Travelling in this veritable jazz time-machine was much more satisfying than I’d expected.
Without intending to diminish them in any way, it is fair to say that Volume 2 and Volume 3 follow the same overall format as the first set. The through-line is Sangster’s love and deep understanding of early jazz idioms, coupled with a fine ear for melody and a gift for impressionistic touches. A couple of highlights would be ‘Fair Ēowyn’ on Vol 2 and ‘The Uruk-Hai’ on Vol 3. So for the sake of brevity, we’ll cut to the final double album, which is qualitatively different from the previous three titles.
Crossfire were a popular Australian jazz-fusion band that released their first album in 1974. Their records were characterised not by the spiritual intensity of The Mahavishnu Orchestra, nor by the complex composition and strutting energy of mid-70s Return To Forever, but by a relaxed, melodic approach to jazz-rock that suited the climate of their sunny Sydney home perfectly. With two composers—guitarist Jim Kelly and keyboardist Michael Kenny—they had a strong creative base on which to build their accessible fusion sound. Percussionist Ian Bloxsom added variety and invention to the overall sound, while Greg Lyon provided limber bass lines. Why is this relevant? Because Ian Bloxsom appeared on all three volumes of Sangster’s Lord of the Rings trilogy and brought some bandmates along to the final part of the project, Landscapes of Middle Earth.

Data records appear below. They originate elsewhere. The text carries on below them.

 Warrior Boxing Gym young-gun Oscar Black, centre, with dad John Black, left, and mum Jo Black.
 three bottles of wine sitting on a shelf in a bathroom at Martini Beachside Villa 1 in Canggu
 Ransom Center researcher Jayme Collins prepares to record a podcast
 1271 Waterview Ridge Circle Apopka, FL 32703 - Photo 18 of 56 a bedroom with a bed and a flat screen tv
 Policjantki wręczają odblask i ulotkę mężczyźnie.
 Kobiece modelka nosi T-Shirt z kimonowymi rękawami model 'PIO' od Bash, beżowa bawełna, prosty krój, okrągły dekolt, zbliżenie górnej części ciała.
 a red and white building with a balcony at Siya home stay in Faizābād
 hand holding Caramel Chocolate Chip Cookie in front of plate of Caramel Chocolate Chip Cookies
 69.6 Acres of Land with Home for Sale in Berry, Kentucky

In addition to Crossfire members Kelly, Lyon and Bloxsom, Head Hobbit Sangster also recruited perhaps Australia’s best known jazzman, Don Burrows (flute, clarinet) and his long-time sidekick, guitarist George Golla.
The leader introduces the pieces thus:
…A feeling of time, of place, of landscape. No brass, to begin with. More reflective. Woodwinds, guitars, strings, percussions and rhythms. A feeling of countryside. Evocations, paintings… landscapes.
Sangster could hear the environment he imagined, and painted those sounds. This is my clear favourite of the series.
‘Green Hill Country’ opens proceedings with a bass line that can only be described as funky. Soon Jim Kelly’s deft, spare guitar drops in and we’re away, rambling through Shire with tenor and flute solos and another neat Kelly solo to take us out. ‘The Lonely Mountain’ is an example of Sangster’s pretty MOR jazz style. Beautifully played, but very nice, very safe.
One of my favourite pieces is the ten minute ‘Old Forest’, featuring the two guitars of Jim Kelly and George Golla, with some tasty vibes from the leader. I love the way it drifts like blown autumn leaves and hovers between sunlight and shadow. The other forest piece ‘Fanghorn’, is excellent too, built around a pretty descending riff picked out by various combinations of the ensemble.
You know, I’d never realised how strong Sangster’s arboreal fixation was. ‘A Dance For the New Forest’ opens the second disc with a gently funky baseline and some groovy playing all round. The final track I’ll mention is ‘Panorama: from the Tower Hills’. Kelly again floats and darts, Greg Lyon’s bass playing has a supple groove, the whole thing works wonderfully. This is classy contemporary jazz.
Landscapes of Middle Earth is cheerful, swinging jazz-rock lite. Sure, it can evoke Middle Earth if you’re tuned in to that mythos, but it also channels the sunny vibe of Bondi Beach equally successfully. Have a pipe of Longbottom Leaf; open a beer and kick back. Cheers.
* I am indebted to the Urban Bowerbird blog, where Rohan’s piece Revisiting John Sangster’s Lord of the Rings LPs prompted me to recalibrate my ears for Sangster’s Middle Earth music. Rohan also had me revisiting the musician’s memoir Seeing the Rafters (Penguin, 1988), which was again entertaining.